C’est une manière de reven­di­quer l’appli­ca­tion du prin­cipe de pré­cau­tion, voire celui du pol­lueur-payeur (une manière, aus­si, d’ap­pli­quer le prin­cipe de réver­si­bi­li­té qui nous a été refu­sé, dans le Haut-Rhin, après l’en­fouis­se­ment de déchets ultimes à Sto­ca­mine – Wittelsheim…).

L’ap­pli­ca­tion de ce prin­cipe coû­te­ra plus cher, c’est sûr, que les pro­cé­dés dou­teux mis en œuvre à Ese­la­cker où le lin­dane conti­nue­ra d’être une menace pour la san­té. De bons ges­tion­naires, sou­cieux des deniers publics, s’y refusent par avance à Mulhouse/Kingersheim, comme ailleurs.

Il y a une excep­tion, cepen­dant, qui confine au para­doxe si on n’y regarde pas de près : à Huningue, NOVARTIS a héri­té, suite à une fusion de socié­tés, du ter­rain de l’an­cien site de fabri­ca­tion du lin­dane par PCUK (appe­lé site « STEIH »). Un site évi­dem­ment très pol­lué par les déchets de ce pes­ti­cide. Pour des rai­sons qui tiennent à des enjeux éco­no­miques énormes, la mul­ti­na­tio­nale de la phar­ma­cie – dont le siège est à Bâle et qui a construit une uni­té bio­tech à Huningue – a besoin de soi­gner son image et a déci­dé de dépol­luer à ses frais le site STEIH. Coût ini­tial, qui n’a pas effrayé NOVARTIS : 100 mil­lions d’eu­ros. Des dif­fi­cul­tés sur­gissent et les tita­nesques tra­vaux de dépol­lu­tion sont inter­rom­pus en sep­tembre 2013. Qu’à cela ne tienne : les tra­vaux ont repris en 2015 après un inves­tis­se­ment sup­plé­men­taire de 100 mil­lions d’eu­ros. Ils devraient s’a­che­ver en 2021.

200 mil­lions d’eu­ros ! Pour son image, l’en­tre­prise NOVARTIS ne mégote pas, elle… Elle est beau­coup moins géné­reuse dans d’autres cir­cons­tances, comme l’a déjà sou­li­gné Mar­tin For­ter (que nous cher­chons à contacter).

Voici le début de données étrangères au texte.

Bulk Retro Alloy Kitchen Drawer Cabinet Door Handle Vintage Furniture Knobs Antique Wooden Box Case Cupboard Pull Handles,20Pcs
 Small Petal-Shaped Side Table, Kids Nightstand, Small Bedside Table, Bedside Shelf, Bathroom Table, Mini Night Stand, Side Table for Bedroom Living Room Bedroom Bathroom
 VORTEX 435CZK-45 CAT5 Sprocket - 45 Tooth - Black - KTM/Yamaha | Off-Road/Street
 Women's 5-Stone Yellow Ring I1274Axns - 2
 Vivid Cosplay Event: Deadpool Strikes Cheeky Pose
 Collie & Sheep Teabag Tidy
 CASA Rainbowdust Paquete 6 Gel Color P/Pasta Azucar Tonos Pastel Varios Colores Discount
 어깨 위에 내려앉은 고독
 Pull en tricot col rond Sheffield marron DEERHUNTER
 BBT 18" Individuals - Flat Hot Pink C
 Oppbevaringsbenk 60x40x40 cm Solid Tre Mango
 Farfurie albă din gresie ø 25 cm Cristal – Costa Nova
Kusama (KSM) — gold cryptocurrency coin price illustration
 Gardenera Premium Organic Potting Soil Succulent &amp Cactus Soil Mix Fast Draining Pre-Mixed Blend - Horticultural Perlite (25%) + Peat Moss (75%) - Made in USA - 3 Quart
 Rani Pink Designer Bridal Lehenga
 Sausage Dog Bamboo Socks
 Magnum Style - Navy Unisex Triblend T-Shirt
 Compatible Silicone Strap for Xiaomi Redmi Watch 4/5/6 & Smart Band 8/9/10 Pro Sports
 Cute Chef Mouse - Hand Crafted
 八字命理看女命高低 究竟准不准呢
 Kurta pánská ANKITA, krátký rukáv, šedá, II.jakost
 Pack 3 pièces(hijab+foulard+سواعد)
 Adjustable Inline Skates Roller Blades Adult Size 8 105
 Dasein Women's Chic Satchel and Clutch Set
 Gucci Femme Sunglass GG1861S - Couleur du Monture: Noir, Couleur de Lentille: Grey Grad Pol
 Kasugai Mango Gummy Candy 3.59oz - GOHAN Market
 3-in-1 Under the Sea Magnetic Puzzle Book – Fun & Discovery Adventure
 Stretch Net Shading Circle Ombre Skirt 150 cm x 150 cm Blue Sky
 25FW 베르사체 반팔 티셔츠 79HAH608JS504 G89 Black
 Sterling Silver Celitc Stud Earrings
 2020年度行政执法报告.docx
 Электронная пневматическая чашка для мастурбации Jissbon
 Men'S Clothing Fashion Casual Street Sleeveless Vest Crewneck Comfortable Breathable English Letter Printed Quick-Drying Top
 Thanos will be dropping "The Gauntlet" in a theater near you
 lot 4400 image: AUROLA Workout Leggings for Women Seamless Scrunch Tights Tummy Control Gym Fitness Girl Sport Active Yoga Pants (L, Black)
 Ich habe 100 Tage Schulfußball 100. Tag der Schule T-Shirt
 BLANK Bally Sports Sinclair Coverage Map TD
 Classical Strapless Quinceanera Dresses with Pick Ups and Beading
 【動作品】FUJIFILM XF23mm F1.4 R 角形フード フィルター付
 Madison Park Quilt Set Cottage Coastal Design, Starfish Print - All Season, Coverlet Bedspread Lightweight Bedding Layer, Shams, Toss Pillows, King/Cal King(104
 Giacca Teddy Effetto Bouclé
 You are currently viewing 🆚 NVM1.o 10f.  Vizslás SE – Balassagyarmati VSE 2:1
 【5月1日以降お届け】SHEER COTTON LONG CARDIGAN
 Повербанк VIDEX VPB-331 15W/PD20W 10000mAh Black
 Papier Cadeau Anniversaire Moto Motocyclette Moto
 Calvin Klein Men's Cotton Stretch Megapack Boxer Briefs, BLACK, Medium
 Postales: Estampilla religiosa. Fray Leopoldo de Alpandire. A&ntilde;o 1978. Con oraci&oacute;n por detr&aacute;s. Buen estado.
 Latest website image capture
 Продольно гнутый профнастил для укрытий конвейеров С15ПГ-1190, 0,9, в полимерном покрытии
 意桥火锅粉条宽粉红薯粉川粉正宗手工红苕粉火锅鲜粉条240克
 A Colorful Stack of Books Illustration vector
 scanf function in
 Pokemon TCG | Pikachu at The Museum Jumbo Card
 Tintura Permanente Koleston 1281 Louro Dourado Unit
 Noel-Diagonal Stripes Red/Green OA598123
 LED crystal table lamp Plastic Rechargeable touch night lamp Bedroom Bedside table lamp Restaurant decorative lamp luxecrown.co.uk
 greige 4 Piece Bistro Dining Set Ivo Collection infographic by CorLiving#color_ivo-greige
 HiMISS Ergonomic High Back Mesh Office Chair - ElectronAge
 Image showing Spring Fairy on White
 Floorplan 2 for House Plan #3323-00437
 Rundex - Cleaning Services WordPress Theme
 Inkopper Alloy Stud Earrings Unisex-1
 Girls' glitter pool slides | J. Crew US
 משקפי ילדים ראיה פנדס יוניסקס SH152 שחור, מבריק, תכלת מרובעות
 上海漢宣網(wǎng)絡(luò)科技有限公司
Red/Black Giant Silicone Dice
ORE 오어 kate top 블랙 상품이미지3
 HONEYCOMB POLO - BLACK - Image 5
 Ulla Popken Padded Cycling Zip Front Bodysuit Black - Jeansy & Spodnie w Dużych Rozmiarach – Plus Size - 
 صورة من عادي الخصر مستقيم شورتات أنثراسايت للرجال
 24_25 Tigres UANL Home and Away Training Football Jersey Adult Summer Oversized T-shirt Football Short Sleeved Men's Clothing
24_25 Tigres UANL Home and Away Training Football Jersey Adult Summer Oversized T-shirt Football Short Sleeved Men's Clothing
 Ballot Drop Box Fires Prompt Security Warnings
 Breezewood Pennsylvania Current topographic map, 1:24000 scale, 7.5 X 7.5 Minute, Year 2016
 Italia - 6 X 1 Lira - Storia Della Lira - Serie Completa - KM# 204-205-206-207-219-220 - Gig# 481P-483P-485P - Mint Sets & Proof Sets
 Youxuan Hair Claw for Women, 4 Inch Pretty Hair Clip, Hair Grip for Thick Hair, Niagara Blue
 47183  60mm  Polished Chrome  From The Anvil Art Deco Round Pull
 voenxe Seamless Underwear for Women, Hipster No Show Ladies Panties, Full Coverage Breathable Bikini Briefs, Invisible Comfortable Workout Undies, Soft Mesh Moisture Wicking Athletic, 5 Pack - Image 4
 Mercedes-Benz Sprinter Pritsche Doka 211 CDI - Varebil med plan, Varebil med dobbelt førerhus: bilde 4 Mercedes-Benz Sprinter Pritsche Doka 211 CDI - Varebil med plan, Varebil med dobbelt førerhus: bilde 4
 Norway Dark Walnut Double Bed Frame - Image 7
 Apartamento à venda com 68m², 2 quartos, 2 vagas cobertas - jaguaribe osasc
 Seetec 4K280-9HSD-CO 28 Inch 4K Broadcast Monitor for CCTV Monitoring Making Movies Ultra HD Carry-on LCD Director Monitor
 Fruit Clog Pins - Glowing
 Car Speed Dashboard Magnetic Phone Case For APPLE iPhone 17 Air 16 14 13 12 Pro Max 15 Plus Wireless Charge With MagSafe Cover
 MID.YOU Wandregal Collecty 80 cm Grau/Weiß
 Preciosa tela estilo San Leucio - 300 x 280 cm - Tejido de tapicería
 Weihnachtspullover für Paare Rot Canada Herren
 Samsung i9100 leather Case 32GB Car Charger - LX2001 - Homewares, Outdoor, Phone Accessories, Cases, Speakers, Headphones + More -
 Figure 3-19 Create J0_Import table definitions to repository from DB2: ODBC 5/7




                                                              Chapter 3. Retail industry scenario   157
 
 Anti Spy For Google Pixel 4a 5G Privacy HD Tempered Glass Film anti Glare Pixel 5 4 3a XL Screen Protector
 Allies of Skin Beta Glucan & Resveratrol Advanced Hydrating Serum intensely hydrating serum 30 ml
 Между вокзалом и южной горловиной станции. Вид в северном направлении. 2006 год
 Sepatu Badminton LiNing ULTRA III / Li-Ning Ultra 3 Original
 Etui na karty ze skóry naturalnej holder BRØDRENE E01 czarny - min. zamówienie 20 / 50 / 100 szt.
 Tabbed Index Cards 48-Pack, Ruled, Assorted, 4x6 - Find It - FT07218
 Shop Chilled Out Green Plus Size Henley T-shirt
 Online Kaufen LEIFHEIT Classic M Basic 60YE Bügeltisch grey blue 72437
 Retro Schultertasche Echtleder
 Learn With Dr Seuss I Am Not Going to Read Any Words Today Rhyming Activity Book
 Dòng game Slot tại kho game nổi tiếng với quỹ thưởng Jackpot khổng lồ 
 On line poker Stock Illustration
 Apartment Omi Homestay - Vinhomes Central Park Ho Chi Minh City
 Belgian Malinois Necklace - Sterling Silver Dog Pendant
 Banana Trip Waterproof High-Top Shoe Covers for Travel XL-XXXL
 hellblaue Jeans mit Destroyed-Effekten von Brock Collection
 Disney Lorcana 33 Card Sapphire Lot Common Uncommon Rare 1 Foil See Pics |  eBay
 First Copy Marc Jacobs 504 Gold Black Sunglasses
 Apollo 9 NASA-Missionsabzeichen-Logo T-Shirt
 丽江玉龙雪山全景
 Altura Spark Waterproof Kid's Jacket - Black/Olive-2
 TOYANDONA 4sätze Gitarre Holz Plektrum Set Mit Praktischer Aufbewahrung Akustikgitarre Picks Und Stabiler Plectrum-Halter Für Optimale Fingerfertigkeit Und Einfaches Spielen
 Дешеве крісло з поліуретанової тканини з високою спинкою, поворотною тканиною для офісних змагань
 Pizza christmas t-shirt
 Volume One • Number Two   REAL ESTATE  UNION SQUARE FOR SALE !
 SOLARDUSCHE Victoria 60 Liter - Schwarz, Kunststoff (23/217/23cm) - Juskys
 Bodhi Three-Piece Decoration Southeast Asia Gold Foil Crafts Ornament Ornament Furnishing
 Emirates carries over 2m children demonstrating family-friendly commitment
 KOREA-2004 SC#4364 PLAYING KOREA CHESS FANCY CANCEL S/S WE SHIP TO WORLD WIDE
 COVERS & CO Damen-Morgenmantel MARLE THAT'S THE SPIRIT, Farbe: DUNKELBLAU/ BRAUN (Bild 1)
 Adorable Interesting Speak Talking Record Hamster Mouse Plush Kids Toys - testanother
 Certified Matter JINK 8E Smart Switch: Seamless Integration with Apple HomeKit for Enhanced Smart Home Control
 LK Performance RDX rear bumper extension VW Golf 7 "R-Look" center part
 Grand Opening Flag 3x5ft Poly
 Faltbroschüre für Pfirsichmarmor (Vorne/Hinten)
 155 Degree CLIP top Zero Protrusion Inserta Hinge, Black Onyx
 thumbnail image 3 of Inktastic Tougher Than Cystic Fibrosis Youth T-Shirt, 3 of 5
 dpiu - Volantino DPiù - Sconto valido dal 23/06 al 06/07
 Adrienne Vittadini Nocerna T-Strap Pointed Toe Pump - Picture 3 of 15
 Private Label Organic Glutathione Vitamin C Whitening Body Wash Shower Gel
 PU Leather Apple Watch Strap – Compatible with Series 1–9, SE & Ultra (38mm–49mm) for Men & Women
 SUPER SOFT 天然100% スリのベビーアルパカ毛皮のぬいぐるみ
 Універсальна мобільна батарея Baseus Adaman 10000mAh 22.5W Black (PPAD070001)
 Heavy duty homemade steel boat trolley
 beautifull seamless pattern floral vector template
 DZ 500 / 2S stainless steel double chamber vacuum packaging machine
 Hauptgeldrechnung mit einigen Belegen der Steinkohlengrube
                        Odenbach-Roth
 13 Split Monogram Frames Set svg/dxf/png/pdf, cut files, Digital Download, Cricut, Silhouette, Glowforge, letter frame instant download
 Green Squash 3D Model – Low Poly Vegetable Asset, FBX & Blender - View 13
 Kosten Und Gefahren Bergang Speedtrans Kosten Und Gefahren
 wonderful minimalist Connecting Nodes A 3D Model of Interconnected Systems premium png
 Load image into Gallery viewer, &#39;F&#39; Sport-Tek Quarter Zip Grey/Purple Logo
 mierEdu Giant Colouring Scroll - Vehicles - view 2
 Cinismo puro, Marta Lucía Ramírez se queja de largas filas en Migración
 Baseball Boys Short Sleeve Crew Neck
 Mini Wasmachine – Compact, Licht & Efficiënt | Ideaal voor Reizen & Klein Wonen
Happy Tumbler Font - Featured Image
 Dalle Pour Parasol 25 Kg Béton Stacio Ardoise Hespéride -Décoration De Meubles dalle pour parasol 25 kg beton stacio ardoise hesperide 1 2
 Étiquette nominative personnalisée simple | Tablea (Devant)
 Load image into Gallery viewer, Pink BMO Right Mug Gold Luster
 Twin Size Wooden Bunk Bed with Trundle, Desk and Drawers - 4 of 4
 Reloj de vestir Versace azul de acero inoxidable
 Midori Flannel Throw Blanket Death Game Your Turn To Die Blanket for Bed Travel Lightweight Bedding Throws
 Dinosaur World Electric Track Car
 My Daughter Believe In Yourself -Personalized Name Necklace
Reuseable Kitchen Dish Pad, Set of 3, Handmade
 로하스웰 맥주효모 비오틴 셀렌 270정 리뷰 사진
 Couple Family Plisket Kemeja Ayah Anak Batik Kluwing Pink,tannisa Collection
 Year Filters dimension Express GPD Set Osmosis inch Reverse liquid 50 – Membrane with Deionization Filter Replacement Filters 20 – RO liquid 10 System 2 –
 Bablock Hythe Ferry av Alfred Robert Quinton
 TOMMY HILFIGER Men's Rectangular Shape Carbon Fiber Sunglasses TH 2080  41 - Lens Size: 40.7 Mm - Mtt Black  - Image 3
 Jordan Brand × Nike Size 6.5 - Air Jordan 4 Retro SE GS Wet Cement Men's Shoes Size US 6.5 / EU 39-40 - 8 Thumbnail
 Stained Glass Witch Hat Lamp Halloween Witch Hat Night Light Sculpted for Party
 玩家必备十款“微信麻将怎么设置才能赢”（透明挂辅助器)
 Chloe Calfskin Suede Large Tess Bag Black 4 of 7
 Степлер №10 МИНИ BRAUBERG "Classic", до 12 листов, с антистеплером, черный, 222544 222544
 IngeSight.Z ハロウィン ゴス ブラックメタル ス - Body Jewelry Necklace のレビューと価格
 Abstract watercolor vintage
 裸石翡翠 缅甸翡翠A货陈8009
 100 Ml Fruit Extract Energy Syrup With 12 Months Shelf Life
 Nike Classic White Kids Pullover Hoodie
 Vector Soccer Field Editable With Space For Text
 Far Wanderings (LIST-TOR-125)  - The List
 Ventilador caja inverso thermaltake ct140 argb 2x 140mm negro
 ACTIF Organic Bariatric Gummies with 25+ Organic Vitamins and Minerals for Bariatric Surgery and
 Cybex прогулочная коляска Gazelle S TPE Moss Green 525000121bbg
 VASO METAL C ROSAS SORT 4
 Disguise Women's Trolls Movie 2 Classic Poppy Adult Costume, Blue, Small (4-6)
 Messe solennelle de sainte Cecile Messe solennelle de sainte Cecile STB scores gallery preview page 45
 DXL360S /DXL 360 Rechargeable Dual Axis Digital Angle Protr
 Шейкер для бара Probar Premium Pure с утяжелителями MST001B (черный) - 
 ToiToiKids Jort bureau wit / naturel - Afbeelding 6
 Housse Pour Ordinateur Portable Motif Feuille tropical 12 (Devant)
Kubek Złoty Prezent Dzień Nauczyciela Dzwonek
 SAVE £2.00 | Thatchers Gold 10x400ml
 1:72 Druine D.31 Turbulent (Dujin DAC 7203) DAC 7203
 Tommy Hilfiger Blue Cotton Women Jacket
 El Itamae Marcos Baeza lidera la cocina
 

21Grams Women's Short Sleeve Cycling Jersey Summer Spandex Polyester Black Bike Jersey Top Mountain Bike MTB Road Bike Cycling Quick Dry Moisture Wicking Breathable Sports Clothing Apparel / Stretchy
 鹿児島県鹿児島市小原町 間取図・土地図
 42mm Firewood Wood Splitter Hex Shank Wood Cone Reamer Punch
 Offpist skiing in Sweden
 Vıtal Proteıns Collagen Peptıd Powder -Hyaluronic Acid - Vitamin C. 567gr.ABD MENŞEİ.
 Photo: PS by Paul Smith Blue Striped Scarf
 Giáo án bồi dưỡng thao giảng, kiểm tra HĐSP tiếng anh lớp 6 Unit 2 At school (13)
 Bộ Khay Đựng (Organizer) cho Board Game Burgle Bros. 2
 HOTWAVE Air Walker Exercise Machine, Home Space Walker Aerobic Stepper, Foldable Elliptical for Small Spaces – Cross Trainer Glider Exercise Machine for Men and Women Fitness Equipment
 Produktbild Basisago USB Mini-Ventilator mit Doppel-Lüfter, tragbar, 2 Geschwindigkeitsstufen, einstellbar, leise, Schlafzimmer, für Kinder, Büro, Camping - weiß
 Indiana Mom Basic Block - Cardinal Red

En espé­rant que le Camp Cli­mat 2019 et toutes les ini­tia­tives qui y seront déci­dées vont contri­buer à ren­for­cer les luttes éco­lo­giques et sociales dans les pro­chains mois, nous vous adres­sons, par écrit, nos cha­leu­reuses salu­ta­tions. Avec le sou­hait de pou­voir les for­mu­ler éga­le­ment de vive voix entre le 31 juillet et le 12 août (à Kin­ger­sheim ou dans les envi­rons, nous sommes tous haut-rhi­nois) à celles et ceux d’entre vous qui vou­dront bien s’in­té­res­ser aux sug­ges­tions que nous venons de vous faire (pour nous contac­ter : https://www.alterpresse68.info/nous-contacter/ ).

1) Les tra­vaux du « Camp Cli­mat » se dérou­le­ront près de l’en­trée de la rue de Pfas­tatt proche du col­lège Emile Zola. C’est en se diri­geant à l’autre bout de cette rue de Pfas­tatt, très longue, que l’on peut rejoindre le site « Eselacker ».

2) A véri­fier : est-ce que ce pro­jet de parc pho­to­vol­taïque ne serait pas le « pro­jet de ferme pho­to­vol­taïque » qui est annon­cé dans la pré­sen­ta­tion sédui­sante de Kin­ger­sheim des­ti­née à celles et ceux qui sou­haitent s’ins­crire au  « Camp Cli­mat » du 31 juillet au 11 août 2019 ?

3) La muni­ci­pa­li­té de Kin­ger­sheim ne porte évi­dem­ment pas la même regard que nous sur le site de l’E­se­la­cker. Pour elle, ce n’est qu’une ancienne décharge d’or­dures ména­gères pro­mise à « une seconde vie » avec une pol­lu­tion confi­née et dont on évi­te­ra doré­na­vant la dis­per­sion. Le pro­jet de créa­tion d’un champ pho­to­vol­taïque fera de L’E­se­la­cker « un lieu emblé­ma­tique d’une recon­quête éco­lo­gique et éner­gé­tique exem­plaire ». Voir ici la page 9 du n° 130 (mai 2019) du maga­zine d’in­for­ma­tion de Kingersheim.